KDR further argues that BOTA's interpretation fails to take into consideration that when the legislature intended to exempt repair and replacement parts, it expressly identified them. For example, in K.S.A. 79-3606(g), the legislature exempted repair, modification, and replacement parts for aircraft used in interstate commerce. In addition, in 79-3606(t), repair and replacement parts for farm machinery and equipment are exempted. The implication KDR would have the court draw seems to be that the absence of the words "repair parts" or "replacement parts" in 79-3606(kk) excludes them from exemption under that subsection. This implication, however, would go far beyond KDR's official position in excluding all repair/replacement parts from exemption, regardless whether they are designated as capital expenditures for federal income tax purposes. In fact, in Information Guide 19-88-1, which KDR placed in the record, the following example is given of items which may qualify for exemption under 79-3606(kk): "repair and replacement parts that are necessary to and become part of manufacturing machinery and/or equipment if the cost of said repair and replacement parts are capitalized for federal income tax purposes."

Alsop responds that in the absence of either a statutory or regulatory definition of "major component," BOTA's interpretation should prevail. Alsop asserts that KDR "has adopted extensive regulations defining and interpreting the various exemptions contained in K.S.A. 79-3606." A check of the Kansas Administrative Regulations and the Kansas Register shows that regulations that have been promulgated for the purpose of filling in the framework of the Kansas Retailers' Sales Tax Act, K.S.A. 79-3601 et seq., and the Kansas Compensating Tax Act, K.S.A. 79-3701 et seq., only touch on selected aspects of a comprehensive statutory scheme. See K.A.R. 92-19-1a et seq. and K.A.R. 92-20-1 et seq. The implication Alsop seems to be fostering is that KDR had its chance but failed to make use of it, thus clearing the field for BOTA. No authority is provided for the proposition that BOTA's interpretation governs in the absence of statutory definition or administrative regulation. In fact, there are no circumstances in which an administrative agency's rulings on questions of law are conclusive. See Zivanovic, 261 Kan. 191, Syl. 2. In all cases, the court's function is to interpret a statute to give it the effect intended by the legislature. 261 Kan. 191, Syl. 1. If the court were persuaded that BOTA's interpretation reflects the legislature's intention, it would carry the day. By the same token, if KDR had a different interpretation and the court were persuaded that it reflects the legislature's intention, it would get the endorsement. That is precisely the analysis utilized by the Court of Appeals.
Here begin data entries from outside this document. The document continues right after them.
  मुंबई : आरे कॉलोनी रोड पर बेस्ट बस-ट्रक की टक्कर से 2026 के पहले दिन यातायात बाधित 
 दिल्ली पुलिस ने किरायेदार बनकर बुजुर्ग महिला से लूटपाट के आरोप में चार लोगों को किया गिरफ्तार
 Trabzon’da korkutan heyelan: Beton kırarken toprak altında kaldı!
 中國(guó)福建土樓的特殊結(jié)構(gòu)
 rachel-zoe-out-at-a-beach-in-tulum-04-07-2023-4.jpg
In the present case, KDR's practice of treating "major components" as synonymous with capital expenditures for federal tax purposes appears to carry out the legislative intent. For federal tax purposes, the following classifications apply:

"Capital Expenditures. The deductibility of an expenditure as a business expense is based on the theory that such expenditure is properly part of the cost of operating the business for the year in which it was paid or incurred. If, however, an expenditure is paid or incurred to acquire an asset, the useful life of which is substantially longer than the taxable year, that expenditure is generally treated as a capital item and not as a currently deductible business expense." 6 Mertens, Law of Federal Income Taxation 25.01, p. 6.

Expenses that are deducted in the year incurred would not qualify as major components of manufacturing machinery or equipment for sales tax exemption. Capital expenditures that are depreciated over several years of a useful life would. There is an undeniable logic in KDR's position.
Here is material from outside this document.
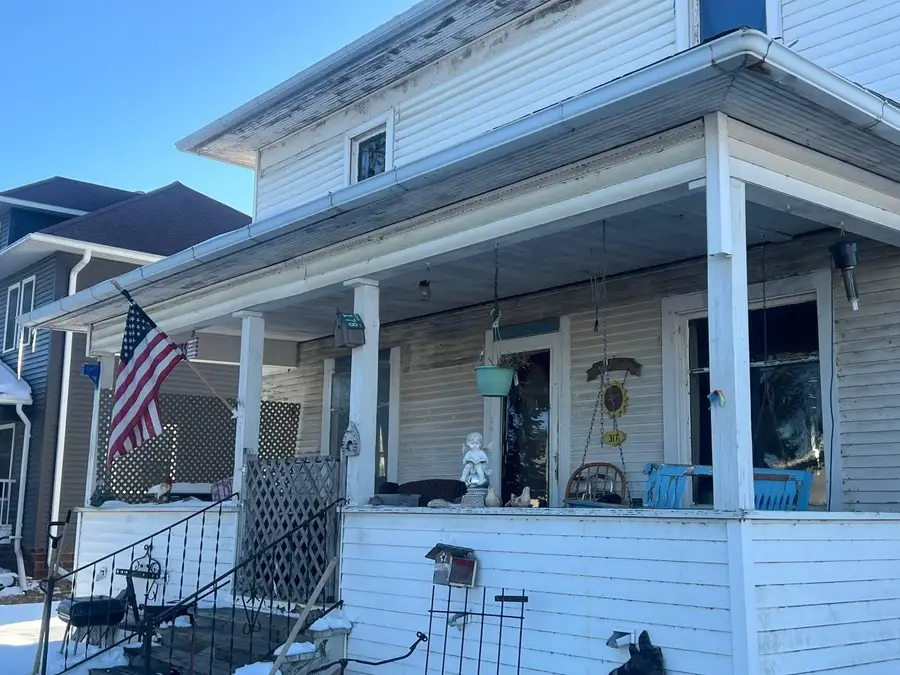 317 Locust Street N, Mabel, MN 55954 - #2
The language of the statute is not esoteric or otherwise difficult to understand. "Major" is a familiar word, "component" is a familiar word, and there is nothing incongruous about their combination. What is not plain and clear, however, is the scope of "major." It is a relative rather than a specific term. Without more definition, what is major to one person might be minor (or non-major) to another due to their differing standards of reference. Without more definition, the great gray area in the middle of the continuum from major to non-major would be open to individual interpretations. KDR's definition cleanly separates major from non-major by reference to the federal tax code. As we have seen, in the context of business expenses, the categories of currently deductible expenses and capitalized expenditures correlate reasonably and logically with non-major and major. By using the categories to divide what otherwise would be a continuum, the indefinite scope of "major" may be specified without perverting the word's plain meaning.

The Court of Appeals emphasized the practicality of KDR's definition, stating that it "provides a bright line for business planning" and "takes the uncertainty out of business decisions." 24 Kan. App. 2d at 531. The Court of Appeals also observed that having an easily applied rule potentially would "save on appeals, costs, attorney fees, penalties, and interest." 24 Kan. App. 2d at 531. Because ease of application does not necessarily pertain to legislative intent, it is not a determinative factor in the interpretation of the statute. It is, however, a welcome bonus where, as here, ease of application is in harmony with the interpretation supported by other factors.

In determining legislative intent, we may consider the historical background of the enactment, the circumstances attending its passage, and the purpose to be accomplished. State v. Le, 260 Kan. 845, Syl. 3, 926 P.2d 638 (1996). Examination of the committee records for the 1988 amendments to 79-3606 that added the manufacturing exemptions revealed no clear-cut answer. An inference, though, reasonably may be drawn from the materials presented for the committee's consideration that the concerns of the amendments' backers were for large-scale renovations and additions to the State's manufacturing capacity, not the routine upkeep of existing machinery. Among the proponents were representatives of the Kansas Industrial Developers Association, Boeing, and the Kansas Chamber of Commerce and Industry. They were united in supporting legislation that would exempt from sales tax the purchase of machinery and equipment in order to make the expense of expansion or modernization of a Kansas manufacturing plant competitive with the expense in neighboring states and in order to assist in attracting new manufacturing plants to this state.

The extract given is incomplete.